Daha önce Demir Ökçe ve Vahşetin Çağrısı isimli kitaplarını okuduğum Jack Landon'un en tanınmış eserlerinden biri olan ve hatta kendi hayatından kesitlere de yer verdiği biraz otobiyografik özellikler taşıyan Martin Eden romanının paylaşımı ile sizlerleyim.
.
Martin Eden 20 yaşında denizci bir gençtir. Bir kavgada burjuva sınıfından bir genci kurtarır. O genç Martin Eden'i ailesiyle tanıştırır. Ailenin kendisinden üç yaş büyük kızından çok etkilenir ve ona aşık olur. Ona ulaşabilmek için büyük mücadeleler verir. Edebiyat fakültesi son sınıfında okuyan genç kıza karşın kendisi temel eğitimini bile tamamlanmıştır. Önce okumaya, sonra yazmaya başlar. Felsefe ile ilgilenir. Sosyalizmin düşmanı olur. Yazdığı eserler ile para kazanmak, geçinmek ister, ancak uzun süre yazdıkları yayınevleri, dergi ve gazetelerden ya geri döner ya da çok cüzi ücret alır. Bu arada genç kadın da ona aşkını kabul eder ve nişanlanırlar. Sınıf farkı, Martin Eden'in başka bir işte çalışmayıp yazmaya devam etmesi, burjuva sınıfındakiler ile tartışmaları nişanlıları ayırır.
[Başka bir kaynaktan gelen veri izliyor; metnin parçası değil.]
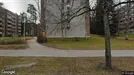 Apartment for rent, Vantaa, Uusimaa, Kaakkoisväylä<span class="blurred street-number" onclick="ProcessAdRequest(17685481)"><span class="hint">See no.</span>[xxxxxx]</span>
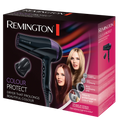 REMINGTON HAIR DRYER (D6090)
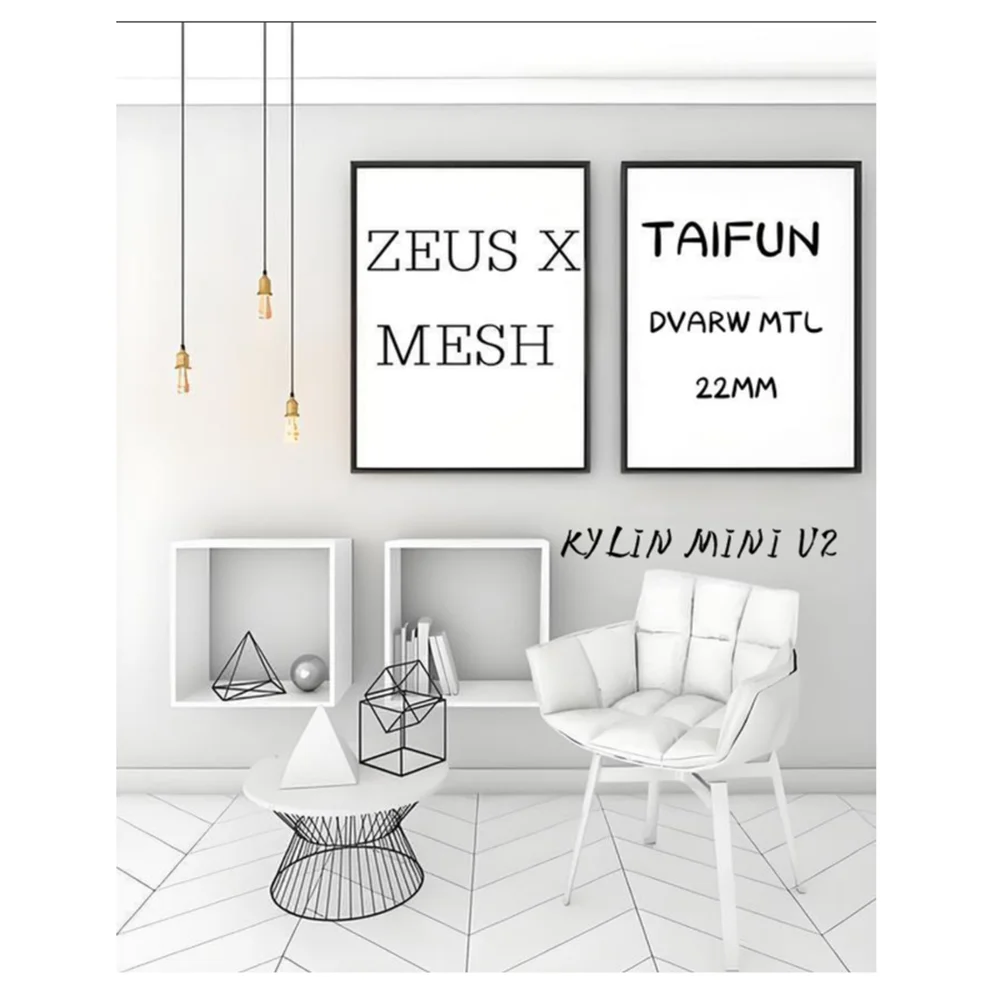 Персонализированные аксессуары/фурнитура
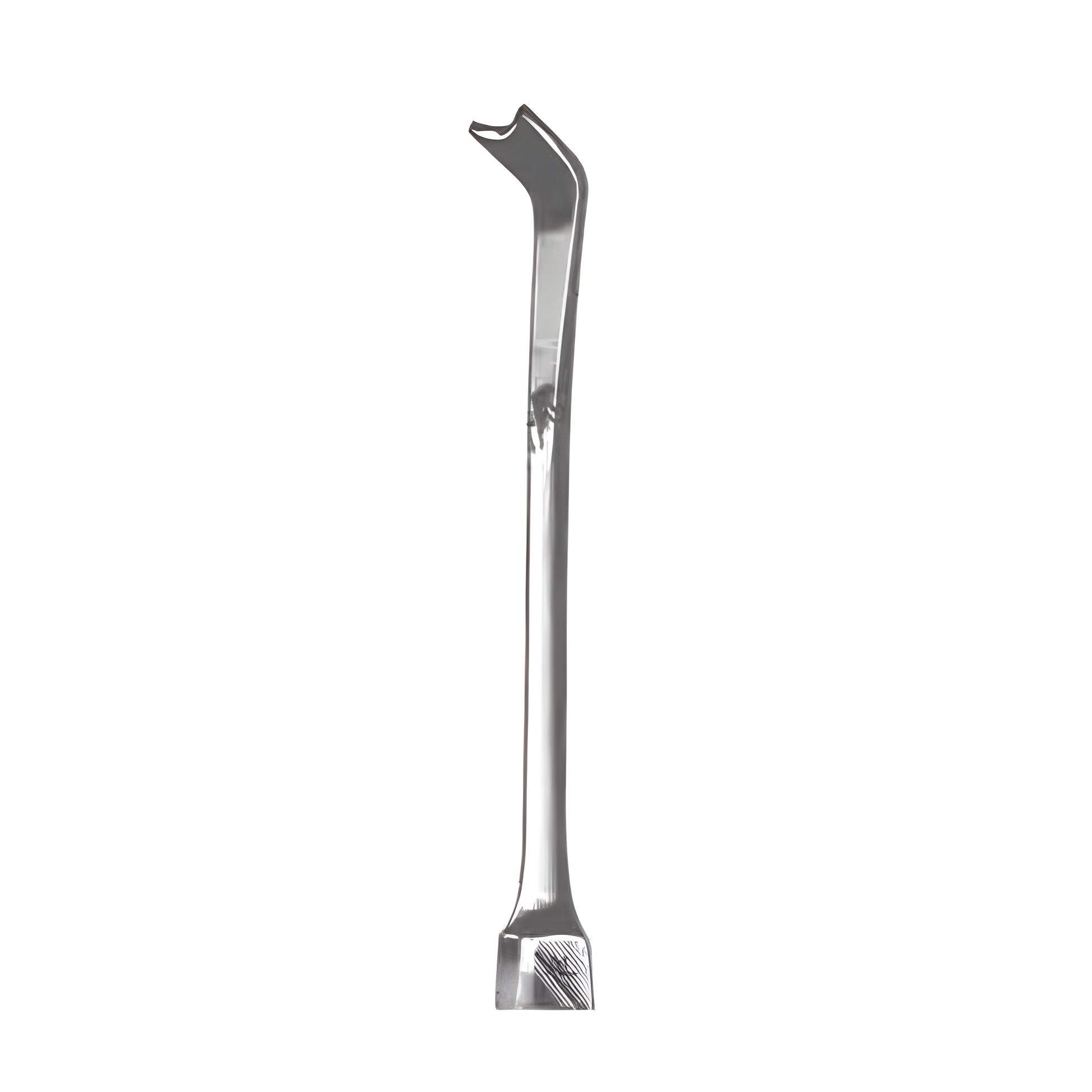 thoracic-and-cardio-vascular-instruments-39__blade-style-angular-blade-with-notch__length-21cm-8__ucalm-a29-424__img-01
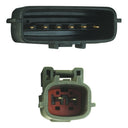 WAI DST58422 Distributor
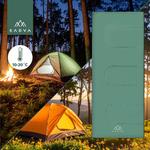 Спальный мешок KADVA Karvilo - фото 2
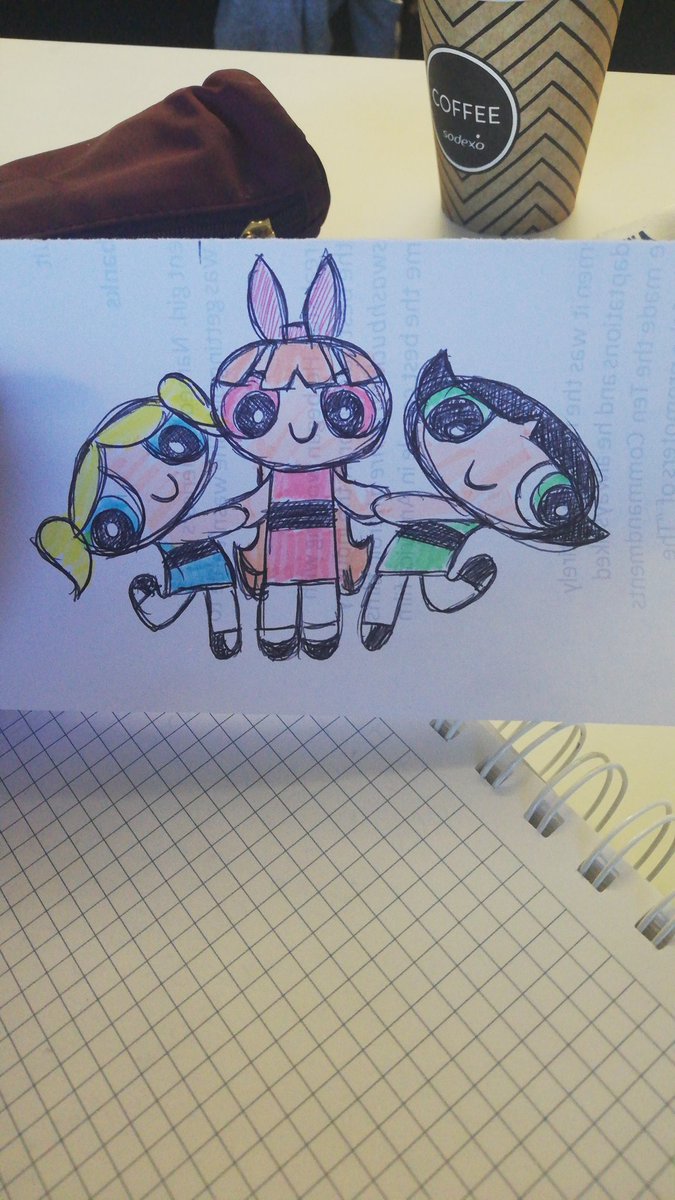Monicaisaacs🦆 tweet media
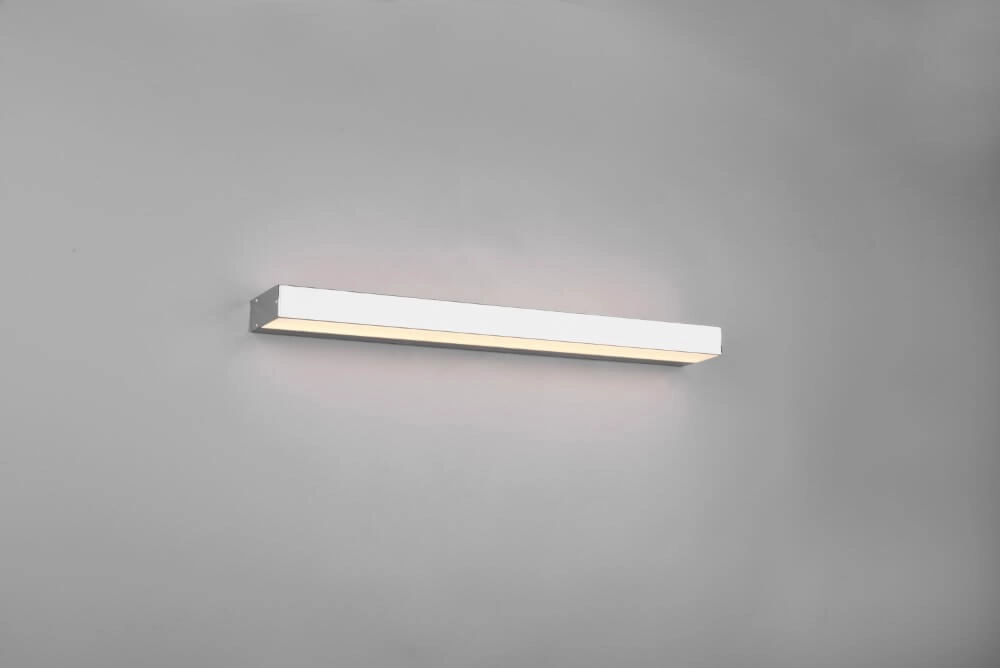 Wandlamp Rocco Trio 4017807507904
Martin'in talihi açılır, yazdıkları basılmaya ve çok kazanmaya başlar. Bedensel olarak çok sağlıklı olmasına karşın ruhsal olarak bir buhrana kapılır. .
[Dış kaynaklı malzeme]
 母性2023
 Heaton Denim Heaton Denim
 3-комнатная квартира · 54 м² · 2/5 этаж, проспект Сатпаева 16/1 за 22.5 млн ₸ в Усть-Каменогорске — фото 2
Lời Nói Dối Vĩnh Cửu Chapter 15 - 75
Martin Eden sınıflar arası farkları, işçi sınıfının verdiği yaşam mücadelesini, aşkı, açlığı, yoksulluğu, iyi niyeti ve karşılıksız yardımı mükemmel bir şekilde anlatan güzel bir klâsik roman. Aslında geçen yıl okumaya başlamıştım ama kalmıştı. Yeniden başladım ve iyiki okudum dediğim kitaplar arasında yerini aldı. Tavsiyemdir, okuyun, okutun.